__YOUR OBJECTIVE__: Each line from the one with "LOFT beach limen" through the last line of the material is to be printed exactly; no other line and no picture belongs in the copy.

__INFORMATION SUPPLIED__:
####################

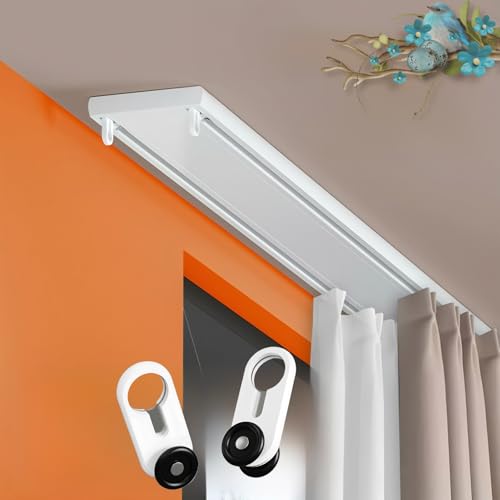 Aluminium-Vorhangschienen-Set, strapazierfähig, Doppelschiene, für Deckenmontage, 4,7 m, Grau, ideal für Vorhänge und Vorhänge, einfache Installation Aluminium-Vorhangschienen-Set, strapazierfähig, Doppelschiene, für Deckenmontage, 4,7 m, Grau, ideal für Vorhänge und Vorhänge, einfache Installation von Generisch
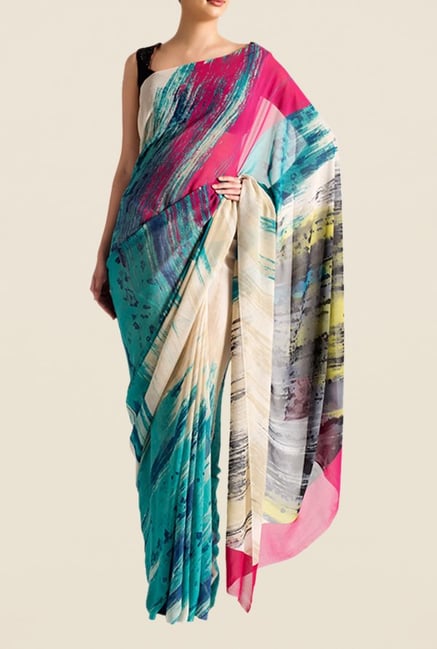 Satya Paul Blue & Beige Super Georgette Saree Satya Paul Blue & Beige Super Georgette Saree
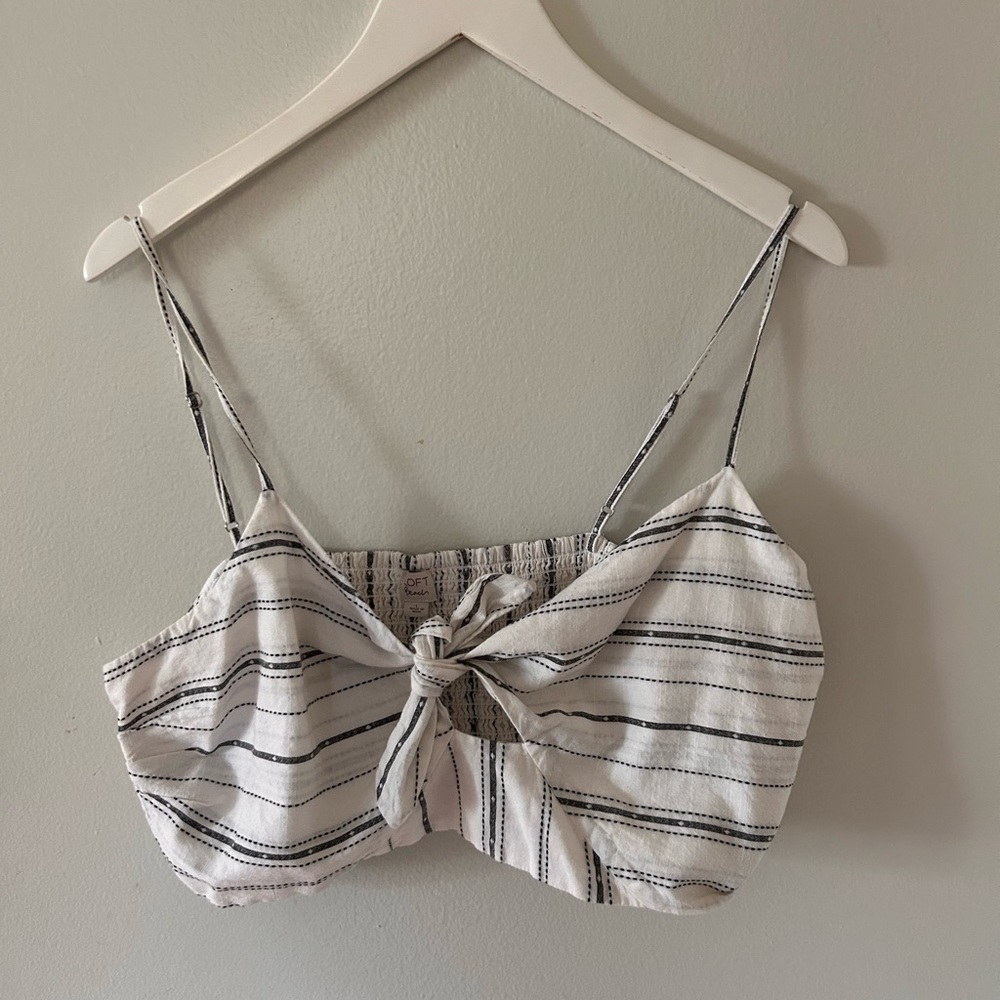 LOFT beach limen blend crop top L navy white stripe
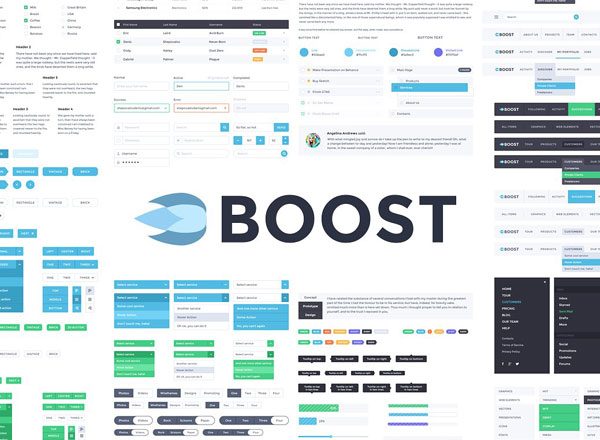 超级棒的一套网页设计套件 Boost UI Kit（设计元素&线框图）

####################

__RESPONSE AREA__:
 LOFT beach limen blend crop top L navy white stripe
 超级棒的一套网页设计套件 Boost UI Kit（设计元素&线框图）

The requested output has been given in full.